▶ **SUPPLIED MATERIAL**:
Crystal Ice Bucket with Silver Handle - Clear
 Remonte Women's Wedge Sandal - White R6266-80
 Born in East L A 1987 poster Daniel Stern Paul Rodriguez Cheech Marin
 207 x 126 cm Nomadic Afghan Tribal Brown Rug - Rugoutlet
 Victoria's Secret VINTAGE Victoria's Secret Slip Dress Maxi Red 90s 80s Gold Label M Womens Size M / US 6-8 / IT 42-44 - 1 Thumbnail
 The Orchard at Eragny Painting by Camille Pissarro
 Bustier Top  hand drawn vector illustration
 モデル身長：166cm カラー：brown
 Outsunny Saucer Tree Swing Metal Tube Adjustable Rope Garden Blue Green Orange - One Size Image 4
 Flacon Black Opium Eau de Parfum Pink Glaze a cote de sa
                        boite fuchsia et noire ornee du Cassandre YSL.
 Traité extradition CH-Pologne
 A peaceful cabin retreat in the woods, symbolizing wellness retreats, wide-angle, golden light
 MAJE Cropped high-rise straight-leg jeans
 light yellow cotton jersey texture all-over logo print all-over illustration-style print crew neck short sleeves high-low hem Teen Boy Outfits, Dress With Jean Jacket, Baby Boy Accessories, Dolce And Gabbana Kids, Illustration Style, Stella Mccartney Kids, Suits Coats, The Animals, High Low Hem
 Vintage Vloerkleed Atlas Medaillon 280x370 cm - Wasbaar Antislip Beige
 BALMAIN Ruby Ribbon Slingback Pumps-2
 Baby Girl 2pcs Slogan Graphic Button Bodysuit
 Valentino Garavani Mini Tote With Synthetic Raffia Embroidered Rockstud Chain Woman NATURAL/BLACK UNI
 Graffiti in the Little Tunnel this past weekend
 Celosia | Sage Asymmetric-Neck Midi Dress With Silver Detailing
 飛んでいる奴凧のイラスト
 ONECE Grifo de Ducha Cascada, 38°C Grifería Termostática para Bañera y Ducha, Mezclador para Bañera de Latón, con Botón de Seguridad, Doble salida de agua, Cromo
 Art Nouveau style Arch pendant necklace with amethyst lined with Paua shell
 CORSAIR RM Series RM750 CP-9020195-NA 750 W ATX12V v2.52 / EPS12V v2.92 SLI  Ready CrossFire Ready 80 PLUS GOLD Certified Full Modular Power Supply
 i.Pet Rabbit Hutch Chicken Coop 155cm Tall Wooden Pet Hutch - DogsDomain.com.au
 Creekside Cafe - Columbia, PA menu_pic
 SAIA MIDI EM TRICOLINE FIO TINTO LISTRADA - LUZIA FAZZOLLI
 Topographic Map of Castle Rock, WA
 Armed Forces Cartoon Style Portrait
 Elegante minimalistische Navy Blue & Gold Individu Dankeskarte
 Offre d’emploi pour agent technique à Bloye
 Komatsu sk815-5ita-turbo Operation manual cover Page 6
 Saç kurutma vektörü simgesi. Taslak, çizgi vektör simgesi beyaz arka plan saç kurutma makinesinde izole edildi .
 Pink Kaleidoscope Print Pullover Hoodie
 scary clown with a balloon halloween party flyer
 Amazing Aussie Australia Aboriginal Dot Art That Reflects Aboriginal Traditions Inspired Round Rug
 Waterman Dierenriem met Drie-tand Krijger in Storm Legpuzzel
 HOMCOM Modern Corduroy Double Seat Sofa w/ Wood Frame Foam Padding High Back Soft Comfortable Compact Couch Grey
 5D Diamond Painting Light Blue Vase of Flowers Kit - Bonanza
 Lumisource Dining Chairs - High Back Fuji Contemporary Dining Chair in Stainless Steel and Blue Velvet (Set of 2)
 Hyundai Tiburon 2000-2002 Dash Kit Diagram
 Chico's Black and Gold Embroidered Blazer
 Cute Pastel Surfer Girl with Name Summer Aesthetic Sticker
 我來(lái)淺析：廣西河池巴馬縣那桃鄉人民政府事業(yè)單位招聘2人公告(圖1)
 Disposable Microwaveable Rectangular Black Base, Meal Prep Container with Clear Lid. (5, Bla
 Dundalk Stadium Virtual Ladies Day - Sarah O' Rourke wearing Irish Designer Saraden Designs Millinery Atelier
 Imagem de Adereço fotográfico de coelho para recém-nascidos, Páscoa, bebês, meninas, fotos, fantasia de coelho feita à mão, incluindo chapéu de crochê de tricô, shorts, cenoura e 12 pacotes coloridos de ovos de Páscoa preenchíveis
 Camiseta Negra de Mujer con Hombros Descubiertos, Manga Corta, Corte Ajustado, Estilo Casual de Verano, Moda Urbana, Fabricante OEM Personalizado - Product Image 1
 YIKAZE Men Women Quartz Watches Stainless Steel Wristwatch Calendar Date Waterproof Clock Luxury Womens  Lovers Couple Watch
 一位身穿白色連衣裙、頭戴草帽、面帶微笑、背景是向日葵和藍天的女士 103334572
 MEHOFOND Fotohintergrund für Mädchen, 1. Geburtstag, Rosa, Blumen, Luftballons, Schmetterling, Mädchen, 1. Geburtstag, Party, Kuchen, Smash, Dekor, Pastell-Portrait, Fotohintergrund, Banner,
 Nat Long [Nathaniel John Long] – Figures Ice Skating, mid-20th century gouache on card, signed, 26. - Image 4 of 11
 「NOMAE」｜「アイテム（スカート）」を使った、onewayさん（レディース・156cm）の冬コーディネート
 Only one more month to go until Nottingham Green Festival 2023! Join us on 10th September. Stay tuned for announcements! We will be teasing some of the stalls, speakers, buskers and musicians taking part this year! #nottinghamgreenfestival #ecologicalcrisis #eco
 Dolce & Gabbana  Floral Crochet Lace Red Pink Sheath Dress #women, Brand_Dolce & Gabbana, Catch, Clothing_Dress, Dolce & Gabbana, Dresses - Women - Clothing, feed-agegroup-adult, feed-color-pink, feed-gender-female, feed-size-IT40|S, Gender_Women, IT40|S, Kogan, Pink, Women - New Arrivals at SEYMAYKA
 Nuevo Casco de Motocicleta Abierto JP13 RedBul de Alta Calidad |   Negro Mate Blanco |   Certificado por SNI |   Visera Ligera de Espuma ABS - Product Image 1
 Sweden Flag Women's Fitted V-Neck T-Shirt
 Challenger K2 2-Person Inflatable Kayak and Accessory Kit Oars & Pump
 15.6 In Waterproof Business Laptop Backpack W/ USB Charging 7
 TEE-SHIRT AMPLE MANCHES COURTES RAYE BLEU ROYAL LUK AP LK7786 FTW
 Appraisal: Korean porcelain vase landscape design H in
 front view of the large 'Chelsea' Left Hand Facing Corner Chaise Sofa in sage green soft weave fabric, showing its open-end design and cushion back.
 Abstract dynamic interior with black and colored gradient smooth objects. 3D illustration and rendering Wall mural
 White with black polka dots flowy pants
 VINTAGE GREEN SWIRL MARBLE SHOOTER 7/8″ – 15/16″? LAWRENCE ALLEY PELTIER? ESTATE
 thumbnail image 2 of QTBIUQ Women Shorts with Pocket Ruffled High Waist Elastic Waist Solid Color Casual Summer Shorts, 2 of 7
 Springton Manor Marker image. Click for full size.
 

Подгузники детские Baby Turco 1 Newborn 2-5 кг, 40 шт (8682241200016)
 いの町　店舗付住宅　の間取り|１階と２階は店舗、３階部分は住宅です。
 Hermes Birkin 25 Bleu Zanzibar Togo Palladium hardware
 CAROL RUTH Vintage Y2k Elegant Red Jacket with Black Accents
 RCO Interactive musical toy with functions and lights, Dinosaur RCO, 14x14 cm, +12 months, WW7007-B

▶ **TASK DETAILS**: Among the entries above, copy exactly only the lines starting with the one containing "Chico's Black and Gold Embroidered Blazer" and going through the one containing "Dundalk Stadium Virtual", both ends included.

▶ **EXPECTED OUTPUT**:
 Chico's Black and Gold Embroidered Blazer
 Cute Pastel Surfer Girl with Name Summer Aesthetic Sticker
 我來(lái)淺析：廣西河池巴馬縣那桃鄉人民政府事業(yè)單位招聘2人公告(圖1)
 Disposable Microwaveable Rectangular Black Base, Meal Prep Container with Clear Lid. (5, Bla
 Dundalk Stadium Virtual Ladies Day - Sarah O' Rourke wearing Irish Designer Saraden Designs Millinery Atelier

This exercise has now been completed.